Soy la primera que he cometido errores, y por ello creo que siempre es recomendable que hagamos autocrítica y recordemos algunos aspectos a tener en cuenta en lo que al comportamiento dentro del ámbito laboral se refiere.
He aquí un ejemplo de decálogo de buenas prácticas que aunque todos damos por hecho, no siempre llevamos a cabo y nunca está de más recordar:
1. Compórtate de manera respestuosa y educada con cada uno de los trabajadores independientemente del cargo que desempeñen. Merecen el mismo respeto todos y cada uno de ellos.
2. Nunca cometas el error de suponer. Antes de suponer, pregunta. Te sorprenderías de las respuestas.
3. Huye de los chismes y rumores de pasillo.
4. Jamás prejuzgues a alguien. La gran mayoría de las veces si actúa y piensa de la manera en que lo hace es quizás por algún motivo justificado.

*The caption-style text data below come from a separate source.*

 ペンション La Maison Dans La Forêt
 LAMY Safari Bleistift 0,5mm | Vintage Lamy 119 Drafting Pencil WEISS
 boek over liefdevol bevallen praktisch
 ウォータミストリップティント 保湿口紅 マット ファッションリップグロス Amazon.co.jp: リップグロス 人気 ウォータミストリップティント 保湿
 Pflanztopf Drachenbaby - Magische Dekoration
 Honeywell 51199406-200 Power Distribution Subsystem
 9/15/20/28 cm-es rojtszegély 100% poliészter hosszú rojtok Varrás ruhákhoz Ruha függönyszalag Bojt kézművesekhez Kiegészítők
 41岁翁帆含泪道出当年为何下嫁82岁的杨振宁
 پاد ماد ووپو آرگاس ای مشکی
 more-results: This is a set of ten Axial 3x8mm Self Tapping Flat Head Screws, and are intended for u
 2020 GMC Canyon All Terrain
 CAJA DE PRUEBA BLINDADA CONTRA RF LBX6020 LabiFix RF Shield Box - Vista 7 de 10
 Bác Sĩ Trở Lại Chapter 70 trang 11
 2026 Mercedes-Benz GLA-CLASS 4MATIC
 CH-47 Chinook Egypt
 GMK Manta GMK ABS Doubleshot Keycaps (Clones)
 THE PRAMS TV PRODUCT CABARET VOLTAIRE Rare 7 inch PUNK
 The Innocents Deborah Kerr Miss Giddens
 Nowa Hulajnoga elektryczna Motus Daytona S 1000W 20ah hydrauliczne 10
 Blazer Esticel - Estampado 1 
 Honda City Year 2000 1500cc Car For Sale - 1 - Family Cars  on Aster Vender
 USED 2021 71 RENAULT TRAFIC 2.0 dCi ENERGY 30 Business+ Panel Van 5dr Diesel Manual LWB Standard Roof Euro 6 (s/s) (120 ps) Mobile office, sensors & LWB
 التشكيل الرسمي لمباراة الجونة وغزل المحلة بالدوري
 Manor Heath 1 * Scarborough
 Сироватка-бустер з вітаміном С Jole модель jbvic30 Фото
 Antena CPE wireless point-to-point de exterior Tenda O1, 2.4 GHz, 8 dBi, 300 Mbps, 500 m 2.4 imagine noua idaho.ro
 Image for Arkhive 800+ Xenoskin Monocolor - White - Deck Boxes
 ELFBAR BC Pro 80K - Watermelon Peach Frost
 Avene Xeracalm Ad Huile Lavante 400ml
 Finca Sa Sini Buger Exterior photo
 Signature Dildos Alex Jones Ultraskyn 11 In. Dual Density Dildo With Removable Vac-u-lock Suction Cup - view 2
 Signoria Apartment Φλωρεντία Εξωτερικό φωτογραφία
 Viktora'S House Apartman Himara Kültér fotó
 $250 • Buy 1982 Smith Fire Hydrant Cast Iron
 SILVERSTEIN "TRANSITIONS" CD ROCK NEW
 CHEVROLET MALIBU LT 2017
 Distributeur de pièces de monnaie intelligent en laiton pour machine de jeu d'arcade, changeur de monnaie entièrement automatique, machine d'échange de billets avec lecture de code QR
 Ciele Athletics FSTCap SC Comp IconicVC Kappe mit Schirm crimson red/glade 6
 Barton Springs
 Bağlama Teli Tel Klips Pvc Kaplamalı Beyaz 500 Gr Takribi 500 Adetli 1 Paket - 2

5. Lee con detenimiento. Relee si es necesario. La respuesta de la gran mayoría de las preguntas que solemos hacer está en propio mensaje.
6. No te olvides de diferenciar la actitud de la aptitud, así como distinguir y valorar entre talento y perserverancia.
7. Cuida tu manera de hablar y de escribir. Suele calar «más hondo» la manera de expresarnos que el contenido en sí.
8. Ponte en el lugar de quien comienza un nuevo trabajo. Enséñale con paciencia. Los comienzos nunca son fáciles. Párate a pensar cómo fueron los tuyos.
9. Aprende a escuchar y sé tolerante. Acepta con respeto y empatía las opiniones diferentes a la tuya.
10. Pide disculpas. Equivocarse es un defecto común. Pedir perdón una virtud de pocos.